(Beginning of DATA SUPPLIED)

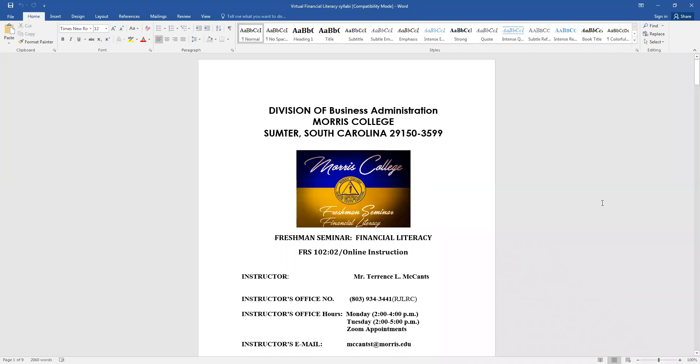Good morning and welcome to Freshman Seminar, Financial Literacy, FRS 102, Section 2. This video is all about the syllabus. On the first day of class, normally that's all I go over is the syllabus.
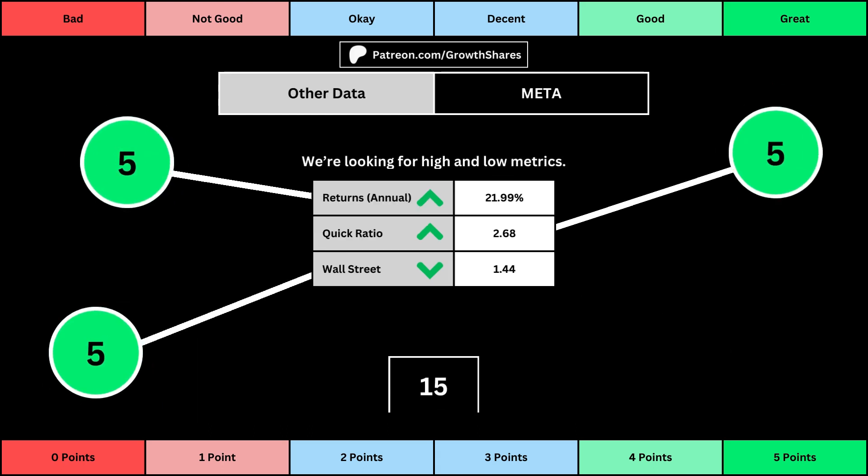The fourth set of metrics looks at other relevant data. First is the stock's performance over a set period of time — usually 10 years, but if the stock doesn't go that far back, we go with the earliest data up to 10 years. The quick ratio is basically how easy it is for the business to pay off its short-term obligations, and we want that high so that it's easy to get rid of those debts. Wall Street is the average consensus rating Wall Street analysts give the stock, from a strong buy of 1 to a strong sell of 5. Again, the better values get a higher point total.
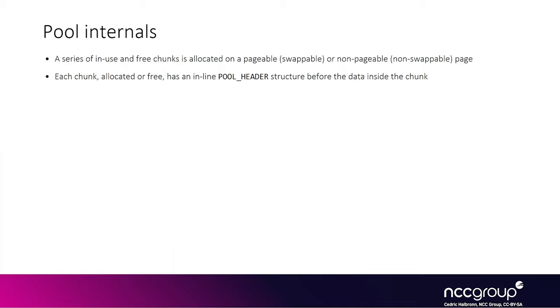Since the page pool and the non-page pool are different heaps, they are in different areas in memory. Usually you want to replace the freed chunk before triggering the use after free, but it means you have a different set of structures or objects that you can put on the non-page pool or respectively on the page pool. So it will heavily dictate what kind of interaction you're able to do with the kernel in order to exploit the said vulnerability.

(End of DATA SUPPLIED)
(Beginning of DATA SUPPLIED)

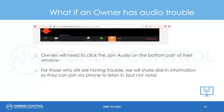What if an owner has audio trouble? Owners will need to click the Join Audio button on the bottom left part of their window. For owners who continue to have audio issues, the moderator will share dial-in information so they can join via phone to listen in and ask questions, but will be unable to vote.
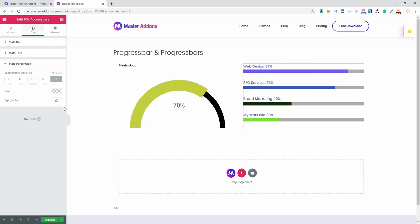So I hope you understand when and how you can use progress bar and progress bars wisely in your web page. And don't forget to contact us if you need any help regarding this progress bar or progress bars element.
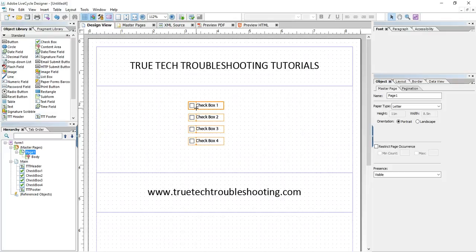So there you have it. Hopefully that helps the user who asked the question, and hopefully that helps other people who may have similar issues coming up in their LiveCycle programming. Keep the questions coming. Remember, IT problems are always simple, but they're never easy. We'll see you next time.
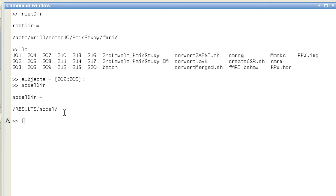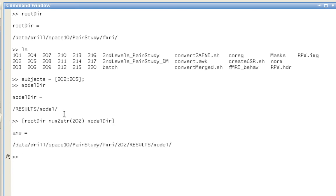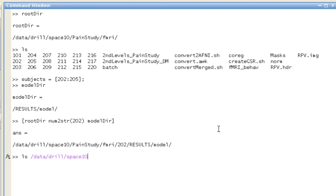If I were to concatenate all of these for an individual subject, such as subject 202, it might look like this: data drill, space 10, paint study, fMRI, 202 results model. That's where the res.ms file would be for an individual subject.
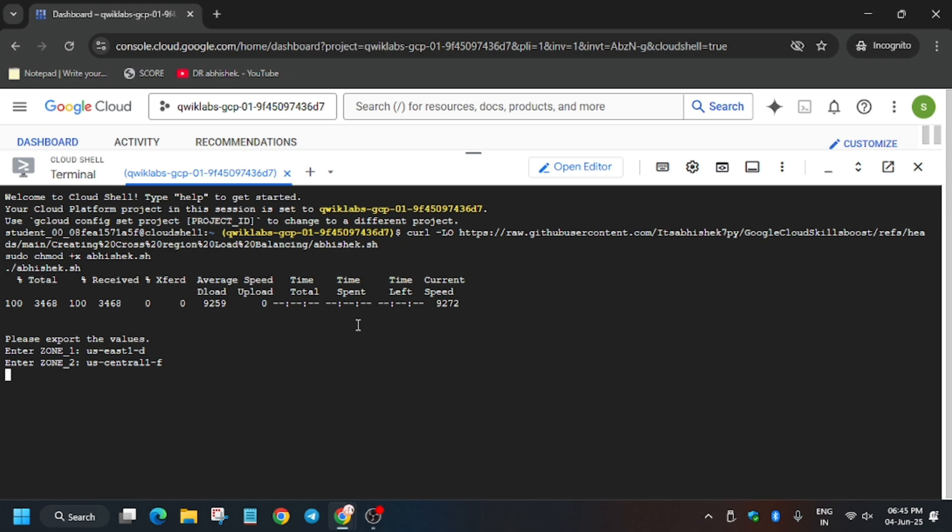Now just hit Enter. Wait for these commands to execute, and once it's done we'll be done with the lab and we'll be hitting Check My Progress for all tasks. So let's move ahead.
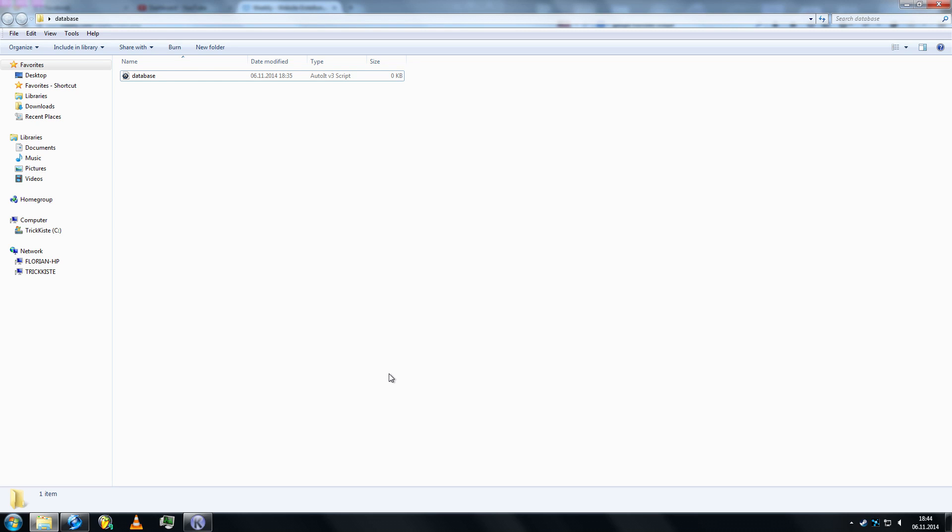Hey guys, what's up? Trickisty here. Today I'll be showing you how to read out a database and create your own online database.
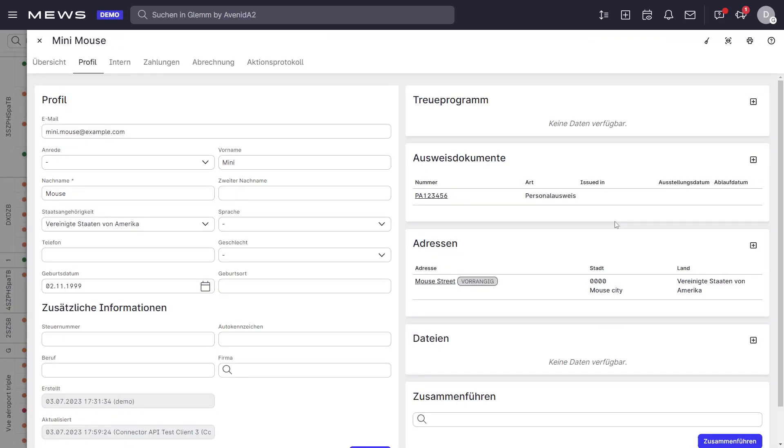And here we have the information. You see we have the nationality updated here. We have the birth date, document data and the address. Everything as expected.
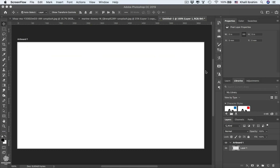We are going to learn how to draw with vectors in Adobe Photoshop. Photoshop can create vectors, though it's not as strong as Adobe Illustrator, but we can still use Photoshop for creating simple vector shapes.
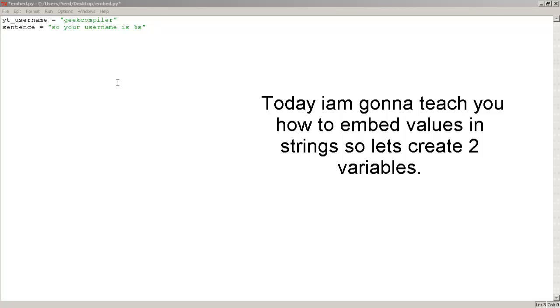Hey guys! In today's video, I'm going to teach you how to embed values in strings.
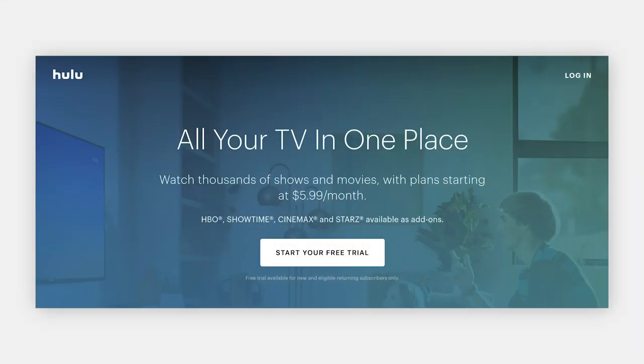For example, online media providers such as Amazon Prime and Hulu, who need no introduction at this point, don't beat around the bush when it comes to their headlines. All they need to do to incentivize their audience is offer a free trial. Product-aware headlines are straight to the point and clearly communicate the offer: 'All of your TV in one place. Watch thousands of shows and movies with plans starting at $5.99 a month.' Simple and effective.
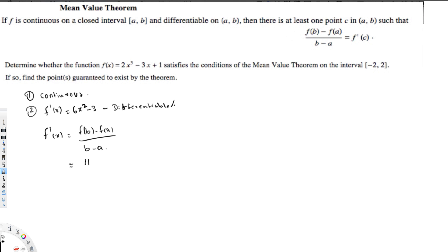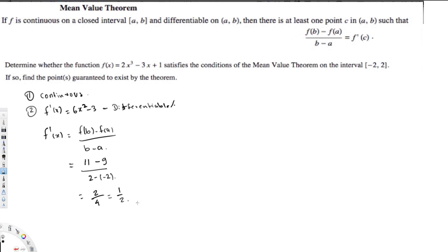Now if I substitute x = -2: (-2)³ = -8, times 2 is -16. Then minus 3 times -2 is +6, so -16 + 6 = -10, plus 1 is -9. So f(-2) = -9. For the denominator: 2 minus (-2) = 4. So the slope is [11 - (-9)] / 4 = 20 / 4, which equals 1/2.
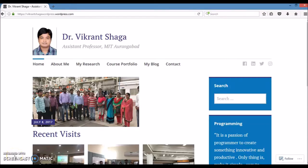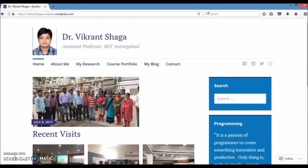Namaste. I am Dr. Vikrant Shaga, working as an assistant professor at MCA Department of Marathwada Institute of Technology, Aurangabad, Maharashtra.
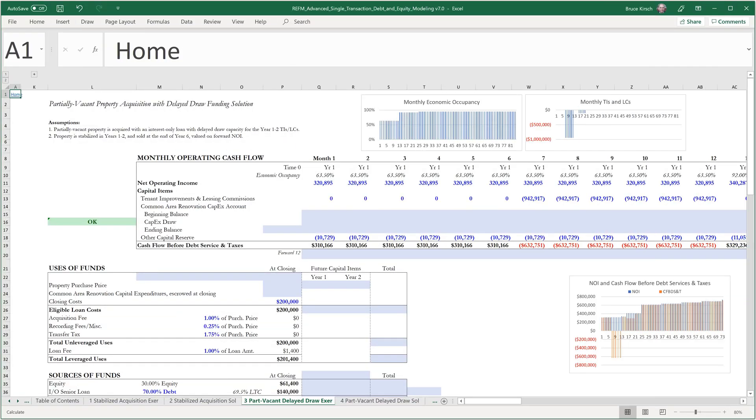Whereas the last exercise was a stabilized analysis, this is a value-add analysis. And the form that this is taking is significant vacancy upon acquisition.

(End of DATA SUPPLIED)
(Beginning of DATA SUPPLIED)

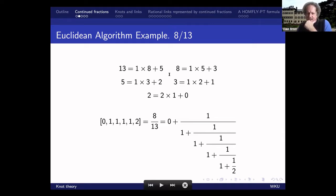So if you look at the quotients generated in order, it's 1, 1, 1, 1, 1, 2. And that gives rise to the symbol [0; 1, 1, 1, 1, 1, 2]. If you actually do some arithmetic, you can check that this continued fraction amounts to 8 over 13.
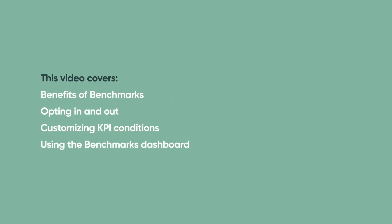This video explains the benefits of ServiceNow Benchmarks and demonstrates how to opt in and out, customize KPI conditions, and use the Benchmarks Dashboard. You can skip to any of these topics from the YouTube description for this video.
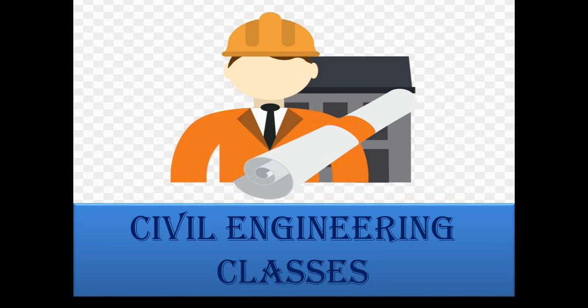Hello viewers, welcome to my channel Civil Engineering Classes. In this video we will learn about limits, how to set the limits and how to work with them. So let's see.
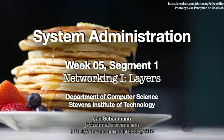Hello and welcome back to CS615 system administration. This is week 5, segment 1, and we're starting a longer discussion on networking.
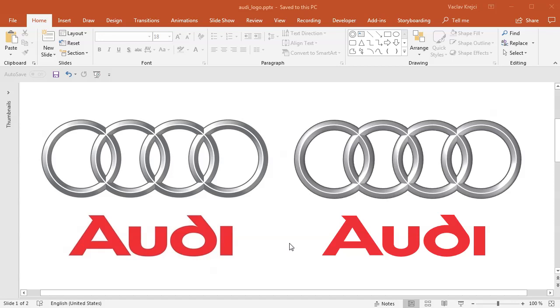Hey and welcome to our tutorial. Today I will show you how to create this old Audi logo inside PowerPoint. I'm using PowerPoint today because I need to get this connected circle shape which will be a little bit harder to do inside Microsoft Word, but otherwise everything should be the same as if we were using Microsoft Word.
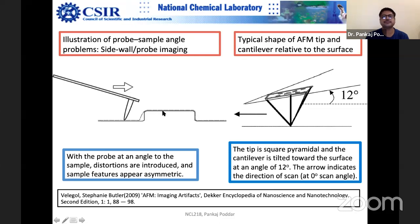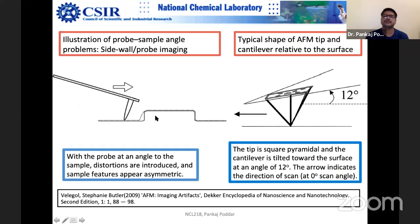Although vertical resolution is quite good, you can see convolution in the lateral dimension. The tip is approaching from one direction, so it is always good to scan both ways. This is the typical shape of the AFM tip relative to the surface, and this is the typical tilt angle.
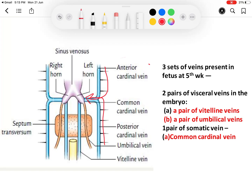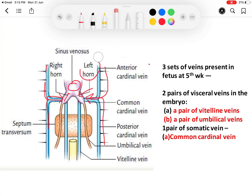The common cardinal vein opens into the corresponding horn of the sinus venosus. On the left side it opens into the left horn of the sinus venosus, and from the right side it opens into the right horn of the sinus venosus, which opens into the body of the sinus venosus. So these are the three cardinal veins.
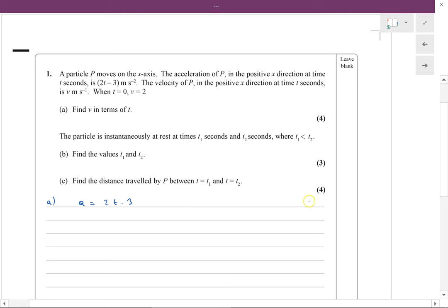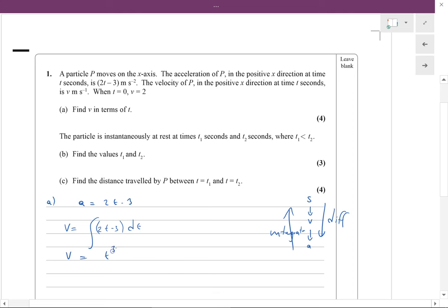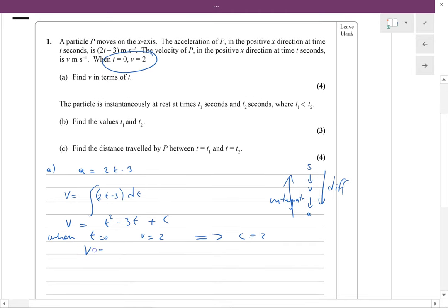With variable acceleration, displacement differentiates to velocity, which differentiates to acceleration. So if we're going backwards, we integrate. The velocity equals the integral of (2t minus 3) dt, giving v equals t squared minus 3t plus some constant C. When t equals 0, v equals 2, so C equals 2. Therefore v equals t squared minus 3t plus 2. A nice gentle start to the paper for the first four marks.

(End of DATA SUPPLIED)

YOUR GOAL: Repeat only the stretch of data above that runs from the line with "Good morning and" to the line with "Since the page". Keep both end lines; exclude pictures.

RESPONSE FOR THIS EXERCISE:
Good morning and welcome to Freshman Seminar, Financial Literacy, FRS 102, Section 2. This video is all about the syllabus. On the first day of class, normally that's all I go over is the syllabus.
The fourth set of metrics looks at other relevant data. First is the stock's performance over a set period of time — usually 10 years, but if the stock doesn't go that far back, we go with the earliest data up to 10 years. The quick ratio is basically how easy it is for the business to pay off its short-term obligations, and we want that high so that it's easy to get rid of those debts. Wall Street is the average consensus rating Wall Street analysts give the stock, from a strong buy of 1 to a strong sell of 5. Again, the better values get a higher point total.
Since the page pool and the non-page pool are different heaps, they are in different areas in memory. Usually you want to replace the freed chunk before triggering the use after free, but it means you have a different set of structures or objects that you can put on the non-page pool or respectively on the page pool. So it will heavily dictate what kind of interaction you're able to do with the kernel in order to exploit the said vulnerability.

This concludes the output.